Work item ::
Which lines run from the one containing "document & pen." to the end of the entries? Quote them exactly, and nothing else.

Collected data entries
##########

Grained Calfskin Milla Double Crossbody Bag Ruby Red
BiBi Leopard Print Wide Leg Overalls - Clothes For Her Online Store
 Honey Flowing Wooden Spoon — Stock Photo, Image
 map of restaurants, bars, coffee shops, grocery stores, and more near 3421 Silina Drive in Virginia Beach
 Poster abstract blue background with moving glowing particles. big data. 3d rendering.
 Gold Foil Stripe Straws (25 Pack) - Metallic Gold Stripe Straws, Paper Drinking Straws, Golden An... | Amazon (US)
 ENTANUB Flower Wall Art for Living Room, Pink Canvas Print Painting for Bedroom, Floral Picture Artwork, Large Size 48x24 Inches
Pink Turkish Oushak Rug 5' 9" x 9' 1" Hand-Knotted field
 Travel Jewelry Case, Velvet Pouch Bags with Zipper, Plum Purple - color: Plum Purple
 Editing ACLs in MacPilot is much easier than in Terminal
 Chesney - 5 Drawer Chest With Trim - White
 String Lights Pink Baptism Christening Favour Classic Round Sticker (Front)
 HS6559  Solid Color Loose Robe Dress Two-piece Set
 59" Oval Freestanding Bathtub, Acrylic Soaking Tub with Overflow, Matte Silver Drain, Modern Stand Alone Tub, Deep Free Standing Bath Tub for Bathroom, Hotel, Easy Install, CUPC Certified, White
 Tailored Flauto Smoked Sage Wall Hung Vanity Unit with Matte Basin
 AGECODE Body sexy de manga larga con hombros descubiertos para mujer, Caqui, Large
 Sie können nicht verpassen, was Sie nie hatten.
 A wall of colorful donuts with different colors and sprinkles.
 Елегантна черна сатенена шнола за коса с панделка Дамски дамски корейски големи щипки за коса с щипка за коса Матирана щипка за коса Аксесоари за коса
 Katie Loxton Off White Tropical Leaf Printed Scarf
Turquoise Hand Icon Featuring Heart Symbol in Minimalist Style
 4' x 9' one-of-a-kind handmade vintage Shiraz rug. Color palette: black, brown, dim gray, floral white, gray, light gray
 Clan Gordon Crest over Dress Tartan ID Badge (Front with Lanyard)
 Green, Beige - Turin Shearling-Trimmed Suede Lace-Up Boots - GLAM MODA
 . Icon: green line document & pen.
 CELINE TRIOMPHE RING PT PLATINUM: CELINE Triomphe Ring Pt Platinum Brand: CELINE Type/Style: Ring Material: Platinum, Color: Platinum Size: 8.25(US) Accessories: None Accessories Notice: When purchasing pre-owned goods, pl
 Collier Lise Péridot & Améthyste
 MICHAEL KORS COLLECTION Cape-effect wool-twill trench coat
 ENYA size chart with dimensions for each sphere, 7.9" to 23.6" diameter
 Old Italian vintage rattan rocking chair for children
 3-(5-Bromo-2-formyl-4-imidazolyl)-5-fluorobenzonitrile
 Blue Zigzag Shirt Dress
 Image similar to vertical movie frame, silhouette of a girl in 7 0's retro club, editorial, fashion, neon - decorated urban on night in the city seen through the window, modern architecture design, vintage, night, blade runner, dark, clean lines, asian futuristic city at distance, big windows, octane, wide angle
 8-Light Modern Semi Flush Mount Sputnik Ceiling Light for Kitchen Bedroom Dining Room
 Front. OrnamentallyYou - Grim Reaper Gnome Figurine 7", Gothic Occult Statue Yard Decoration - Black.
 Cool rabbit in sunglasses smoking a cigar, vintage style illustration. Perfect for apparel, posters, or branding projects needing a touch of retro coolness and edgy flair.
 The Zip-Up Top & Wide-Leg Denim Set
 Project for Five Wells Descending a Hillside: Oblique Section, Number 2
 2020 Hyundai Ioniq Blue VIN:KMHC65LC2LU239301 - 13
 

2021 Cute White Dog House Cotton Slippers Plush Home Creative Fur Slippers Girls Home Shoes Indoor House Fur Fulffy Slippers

##########

Exercise output ::
 . Icon: green line document & pen.
 CELINE TRIOMPHE RING PT PLATINUM: CELINE Triomphe Ring Pt Platinum Brand: CELINE Type/Style: Ring Material: Platinum, Color: Platinum Size: 8.25(US) Accessories: None Accessories Notice: When purchasing pre-owned goods, pl
 Collier Lise Péridot & Améthyste
 MICHAEL KORS COLLECTION Cape-effect wool-twill trench coat
 ENYA size chart with dimensions for each sphere, 7.9" to 23.6" diameter
 Old Italian vintage rattan rocking chair for children
 3-(5-Bromo-2-formyl-4-imidazolyl)-5-fluorobenzonitrile
 Blue Zigzag Shirt Dress
 Image similar to vertical movie frame, silhouette of a girl in 7 0's retro club, editorial, fashion, neon - decorated urban on night in the city seen through the window, modern architecture design, vintage, night, blade runner, dark, clean lines, asian futuristic city at distance, big windows, octane, wide angle
 8-Light Modern Semi Flush Mount Sputnik Ceiling Light for Kitchen Bedroom Dining Room
 Front. OrnamentallyYou - Grim Reaper Gnome Figurine 7", Gothic Occult Statue Yard Decoration - Black.
 Cool rabbit in sunglasses smoking a cigar, vintage style illustration. Perfect for apparel, posters, or branding projects needing a touch of retro coolness and edgy flair.
 The Zip-Up Top & Wide-Leg Denim Set
 Project for Five Wells Descending a Hillside: Oblique Section, Number 2
 2020 Hyundai Ioniq Blue VIN:KMHC65LC2LU239301 - 13
 

2021 Cute White Dog House Cotton Slippers Plush Home Creative Fur Slippers Girls Home Shoes Indoor House Fur Fulffy Slippers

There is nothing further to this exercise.